(Scraped caption text data)

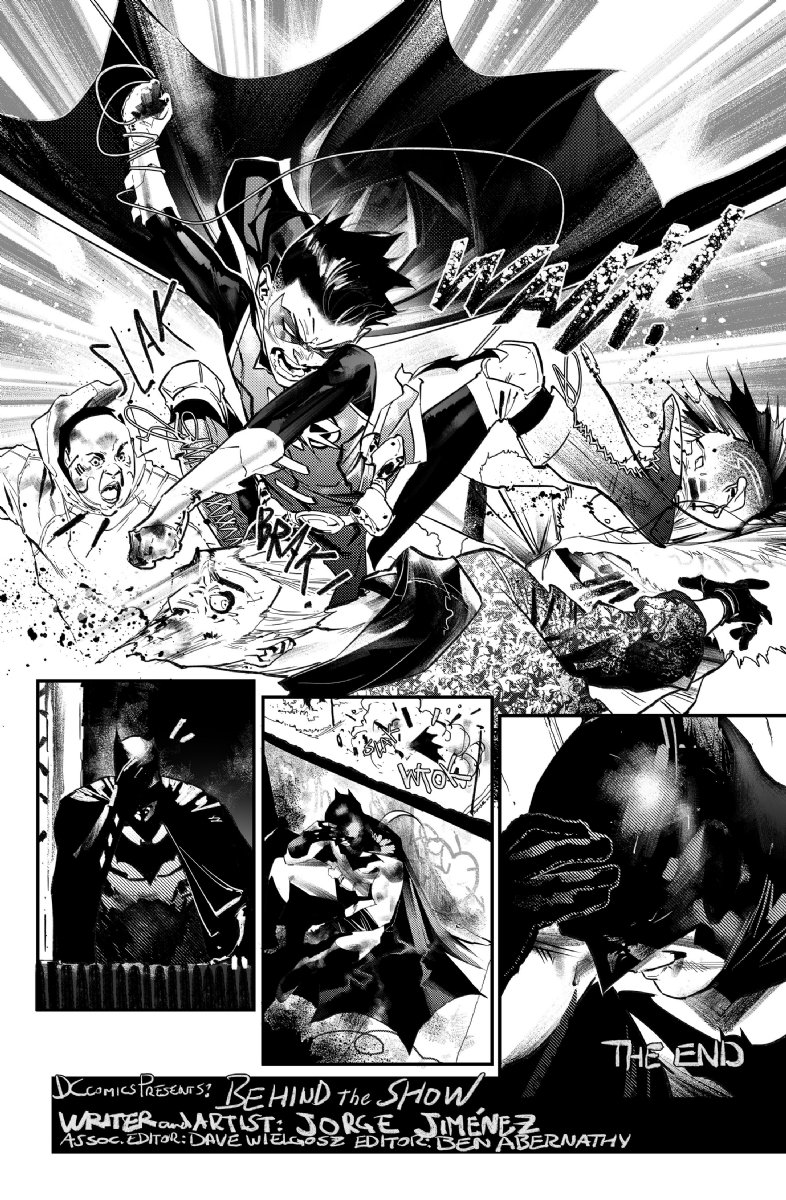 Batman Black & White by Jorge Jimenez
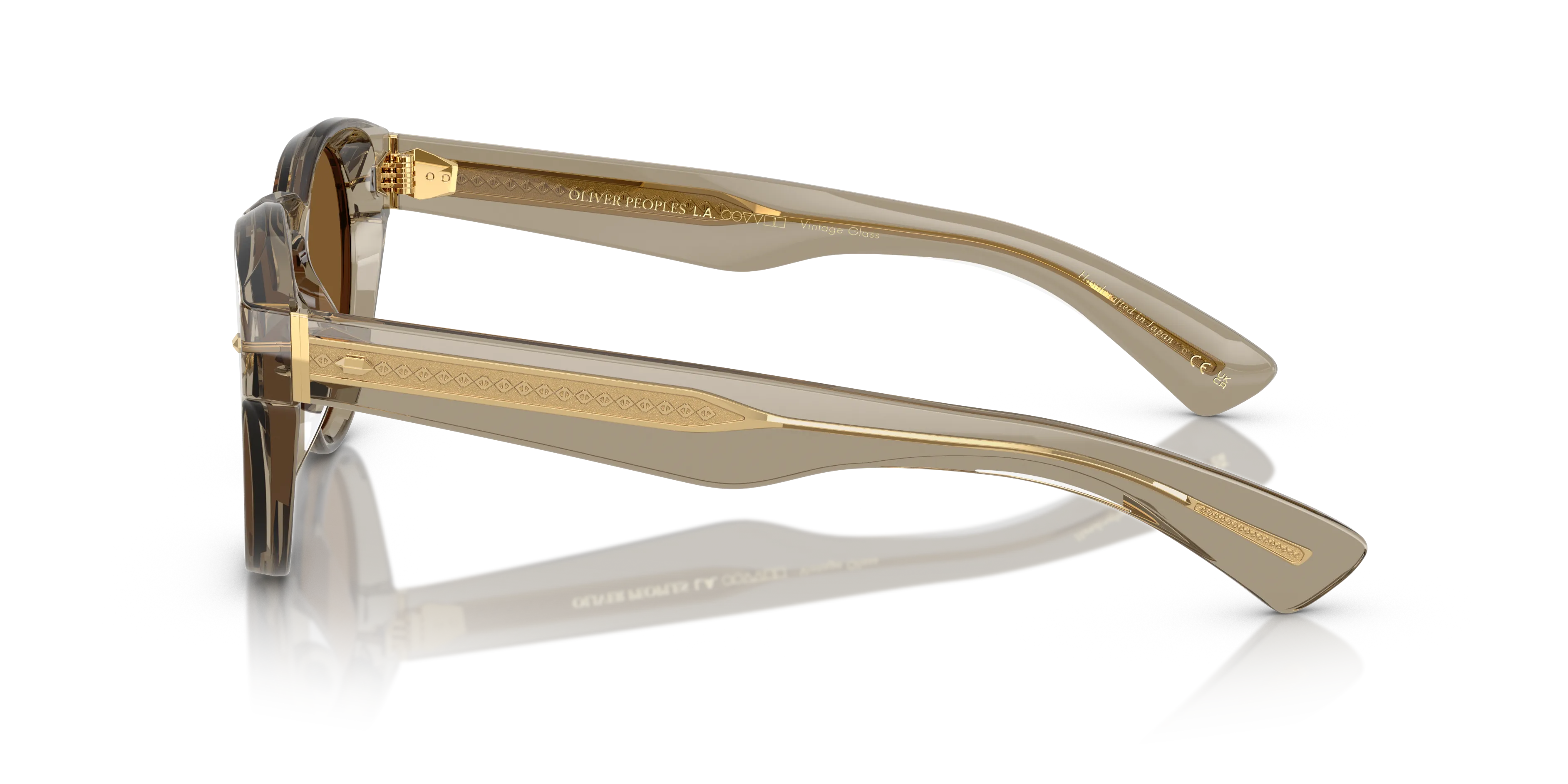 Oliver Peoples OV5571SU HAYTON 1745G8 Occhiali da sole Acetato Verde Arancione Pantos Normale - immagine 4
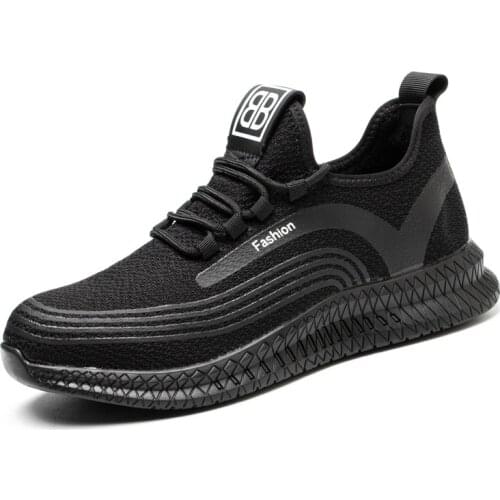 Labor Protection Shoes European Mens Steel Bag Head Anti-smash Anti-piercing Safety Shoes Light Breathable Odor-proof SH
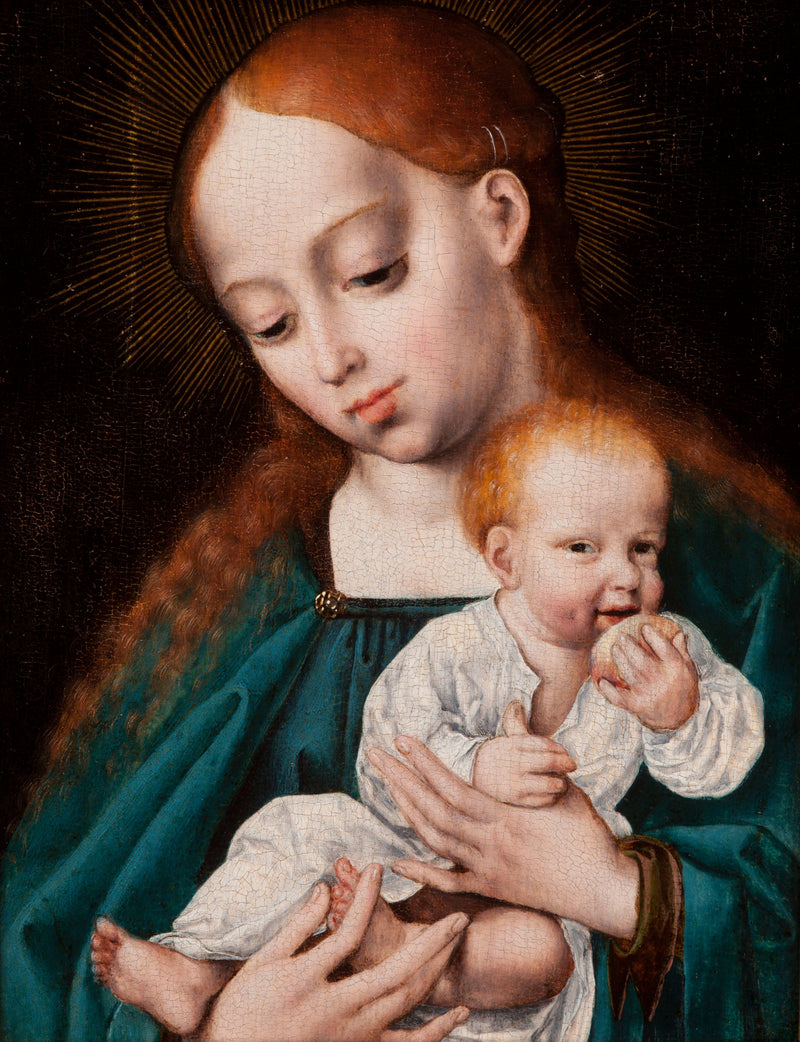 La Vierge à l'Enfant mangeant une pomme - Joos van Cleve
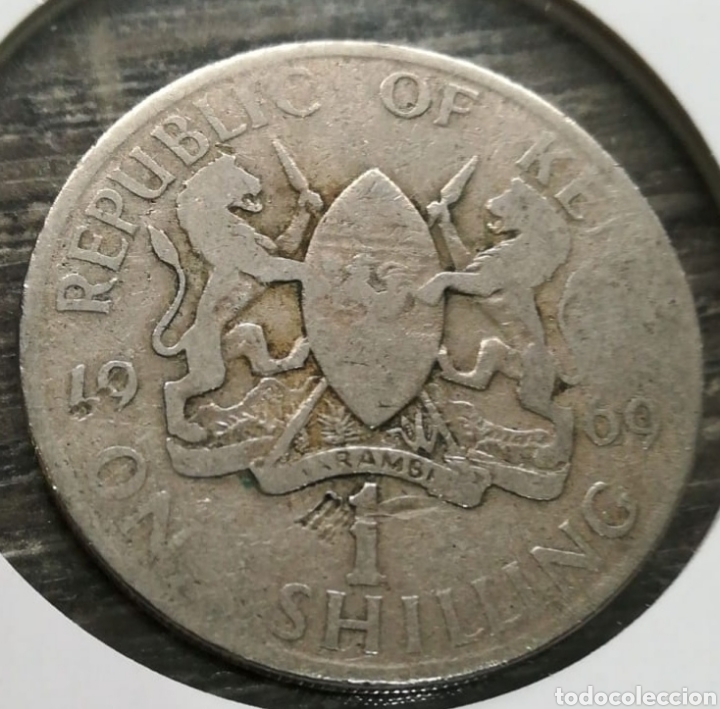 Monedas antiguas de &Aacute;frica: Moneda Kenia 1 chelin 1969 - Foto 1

• WHAT TO WORK ON: Exact copy, no pictures: set down all the entries again as they stand.

• WRITTEN SOLUTION:
 Batman Black & White by Jorge Jimenez
 Oliver Peoples OV5571SU HAYTON 1745G8 Occhiali da sole Acetato Verde Arancione Pantos Normale - immagine 4
 Labor Protection Shoes European Mens Steel Bag Head Anti-smash Anti-piercing Safety Shoes Light Breathable Odor-proof SH
 La Vierge à l'Enfant mangeant une pomme - Joos van Cleve
 Monedas antiguas de &Aacute;frica: Moneda Kenia 1 chelin 1969 - Foto 1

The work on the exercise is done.